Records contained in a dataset
____
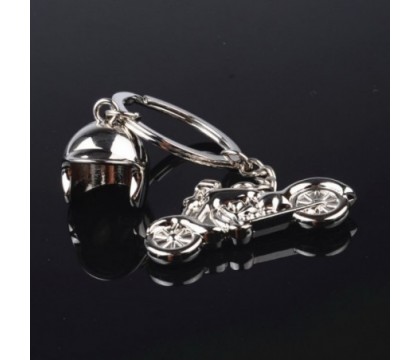 Porte-clés casque et moto argenté Porte-clés casque et moto argenté
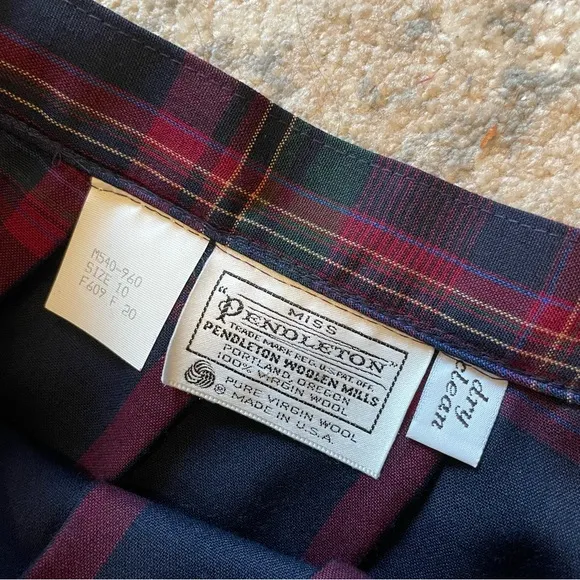 Vintage Pendleton Academia Preppy Librarian High Waist Pleated Plaid Midi Skirt
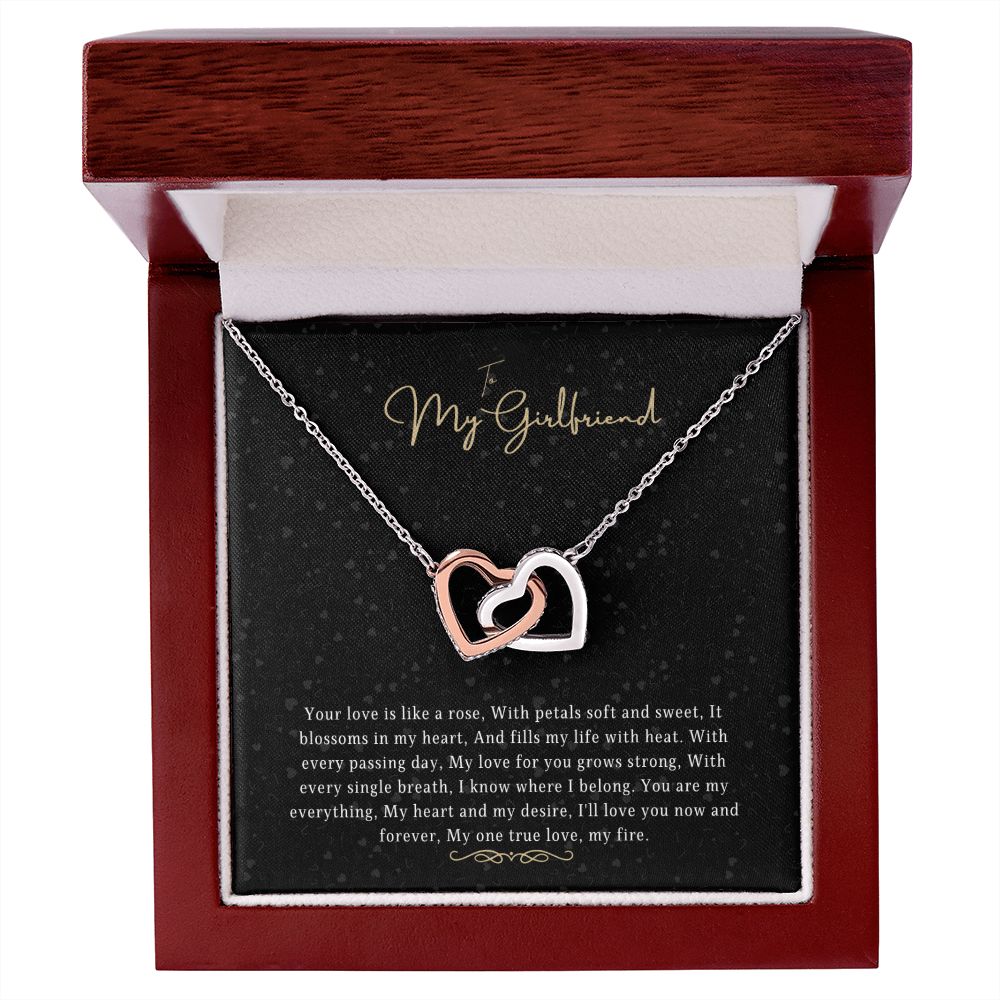 Couples Love Rose Gold Zirconian Heart Necklace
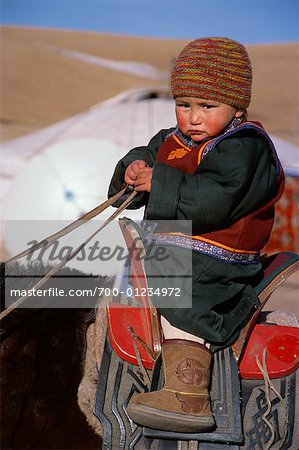 Portrait of Nomad Girl on Horse, Mongolia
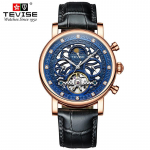 TEVISE uus meeste k&auml;ekell Diamond Day and Night Star Tourbillon Business Watch vaba aja veetmise kalendri mehaaniline k&auml;ekell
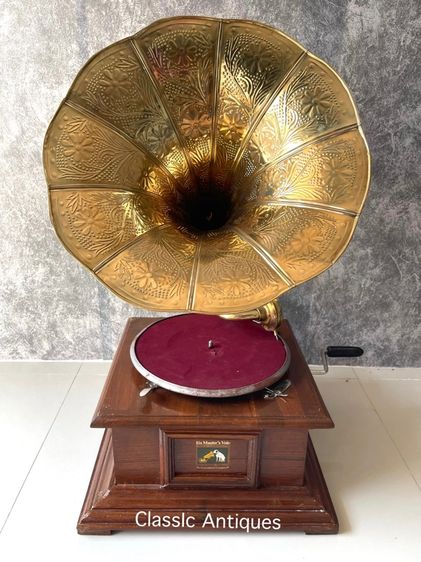 เครื่องเล่นแผ่นเสียง ปากแตรทองเหลือง ทรงสี่เหลี่ยมสะสม รูปที่ 6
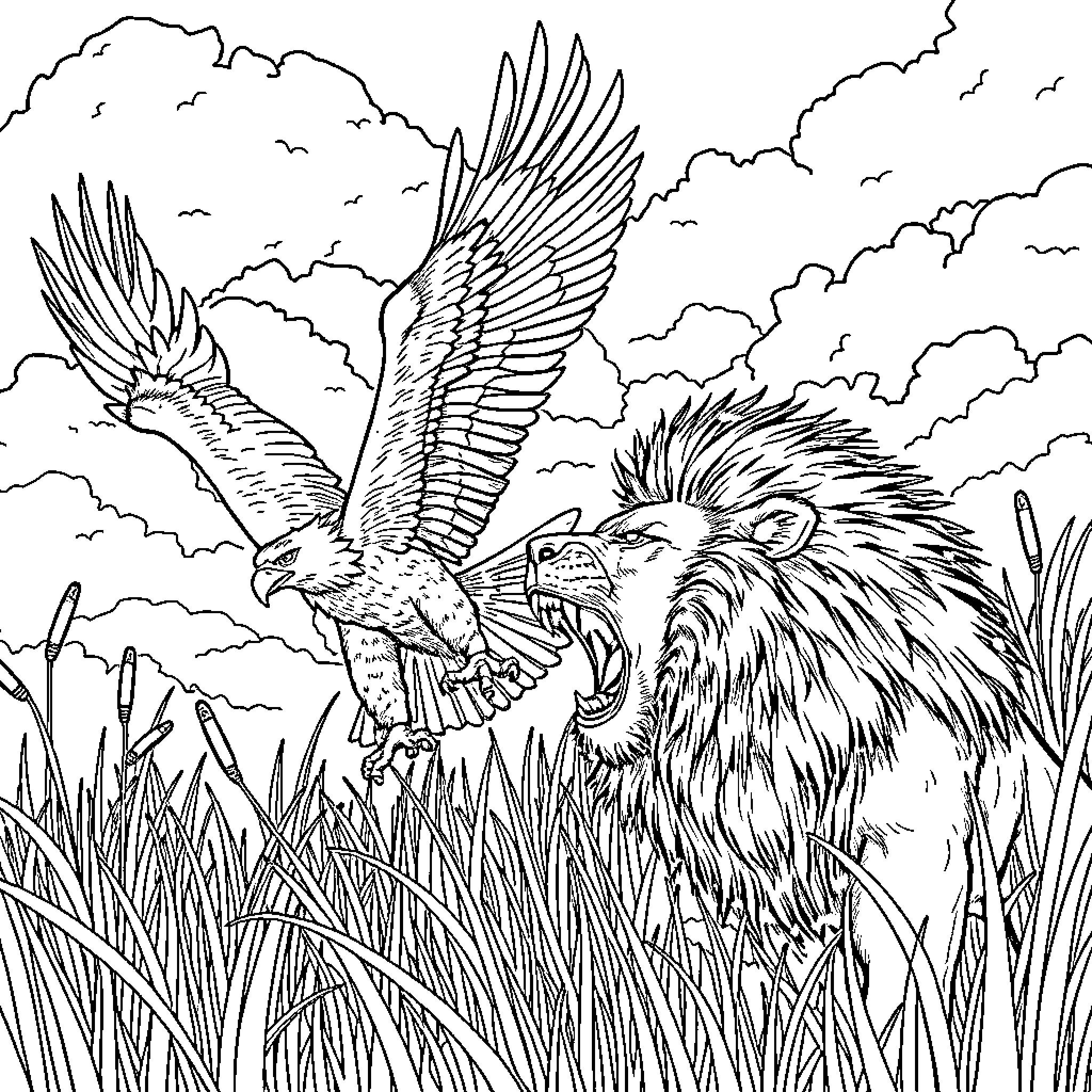 Eagle soaring amidst fierce lion in nature Coloring Page (free black-and-white line drawing printable PDF for all, from beginners to advanced learners, including children, teens, adults, and seniors)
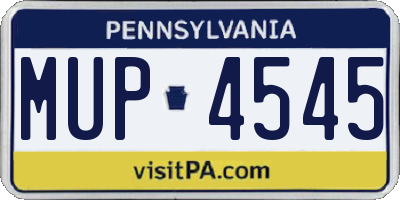 PA license plate MUP4545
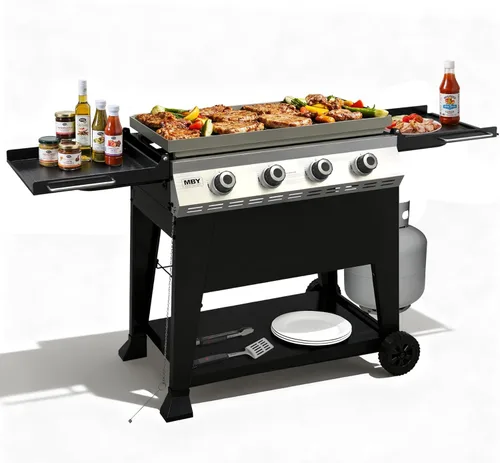Miniatura 11 de Parrilla de gas propano de 28 pulgadas para exteriores con 3 quemadores de 36,000 BTU, parrilla de gas portátil de acero con recubrimiento en polvo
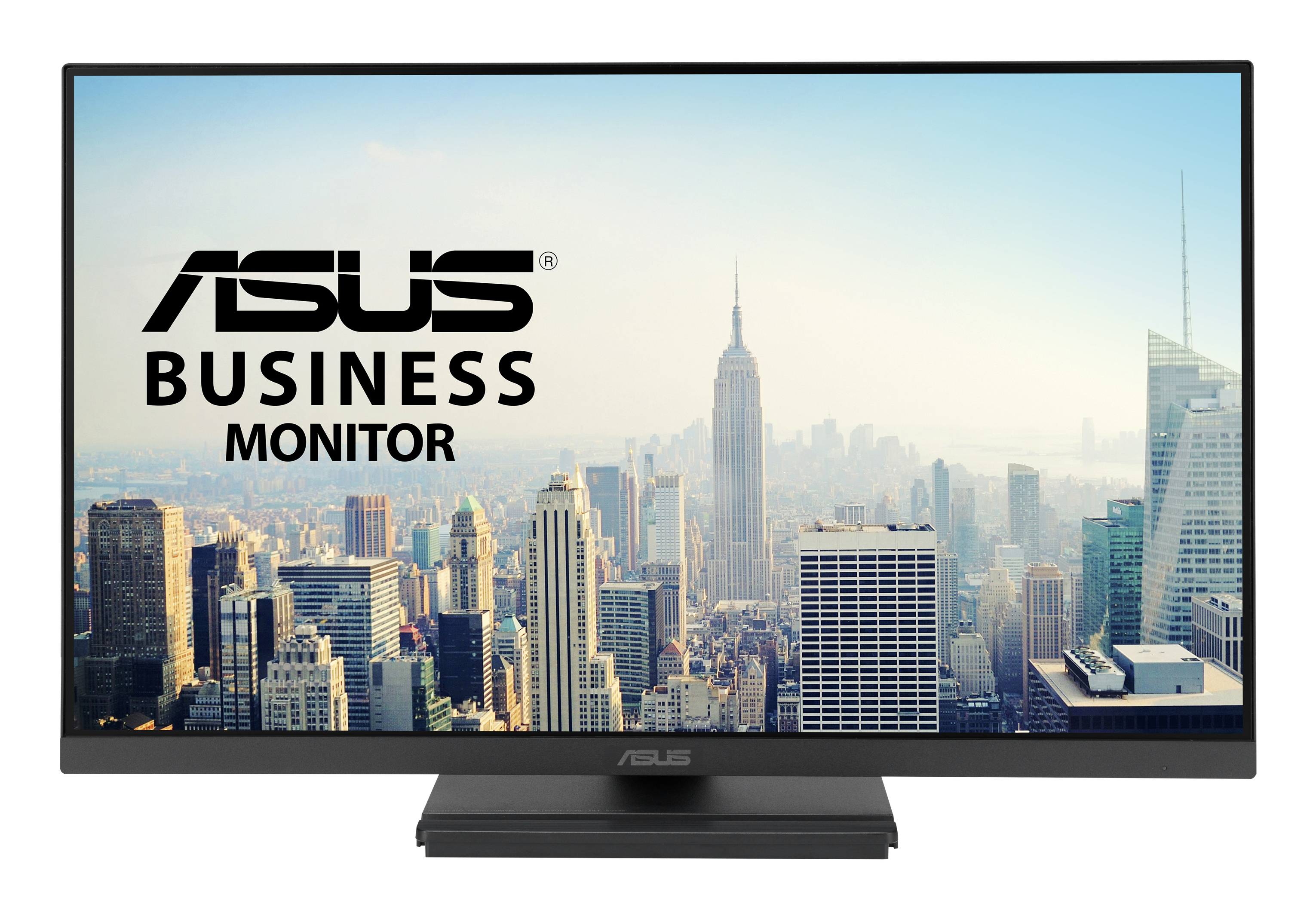 Monitor ASUS Business wyświetla panoramę Nowego Jorku z Empire State Building.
____
*WHAT YOU HAVE TO DO*:
Give back exactly the lines from the line with "PA license plate MUP4545" through the end of the records, both included; keep all pictures out.

*ANSWER TO THIS TASK*:
 PA license plate MUP4545
Miniatura 11 de Parrilla de gas propano de 28 pulgadas para exteriores con 3 quemadores de 36,000 BTU, parrilla de gas portátil de acero con recubrimiento en polvo
 Monitor ASUS Business wyświetla panoramę Nowego Jorku z Empire State Building.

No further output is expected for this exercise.